Sensitivity, specificity and PPV of genital ulcer were 0.00%. Sensitivity of urethral
discharge for predicting Gonorrhea or chlamydia low (20%), specificity was
high at (95%) while PPV was 4%. Sensitivity, specificity and PPV of virginal
discharge for predicting Gonorrhea, chlamydia or trichomoniasis in females are
36%, 76%, and 18% respectively.
The odds of having STI for male was 0.33 (95% CI : 0.20- 0.53) compared to
women. The odds of having STI for the participants aged 45 years and above was
found to be 0.33 (95% CI : 0.15 - 0 .71) as compared to those of age between 18
to 24 years old. In addition, those with vocational training/secondary education
and post secondary education and above had odds ratio of 0.56 (95% CI : 0.39-
0.82) and 0.05 (95% CI : 0.01-0.38). Those with more than one sexual partner was
significantly associated with having STI, odds ration of 3.45 (95% CI: 1.43-8.30).
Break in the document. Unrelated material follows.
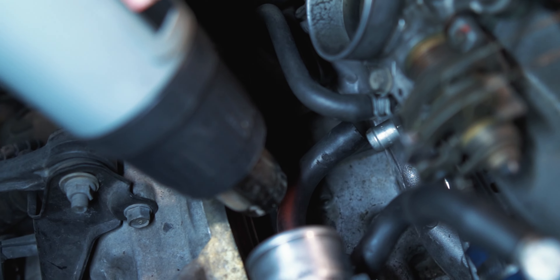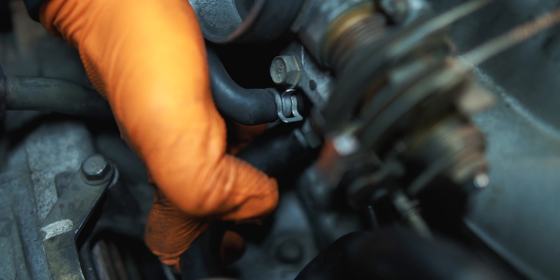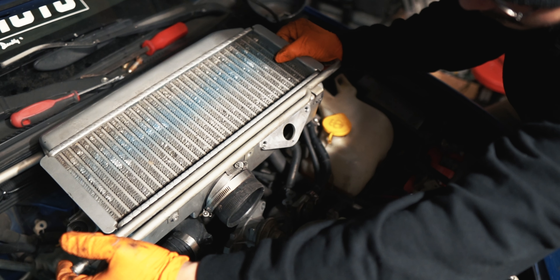Now we're going to go ahead and reinstall this PCV valve and everything's going to be the exact same just in reverse order, so we're going to get started with that right now.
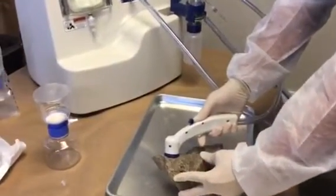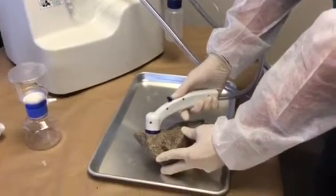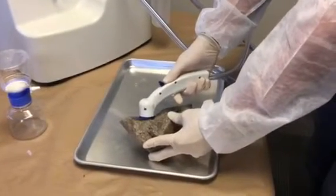I just put the sampling head right on top of the rock, put the solution on, and here we go.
Conclusion: Prevalence of any STI was relatively low compared to results from
other studies. Trichomoniasis was overwhelmingly the most common genital nonviral
infection, while HSV-2 had the highest overall prevalence. Being a femaleyounger age, less education, and more recent sexual partners were all associated
with an increased risk of STI. Syndromic diagnosis of DD, VD and CD were
insensitive, while their specificity were relatively good.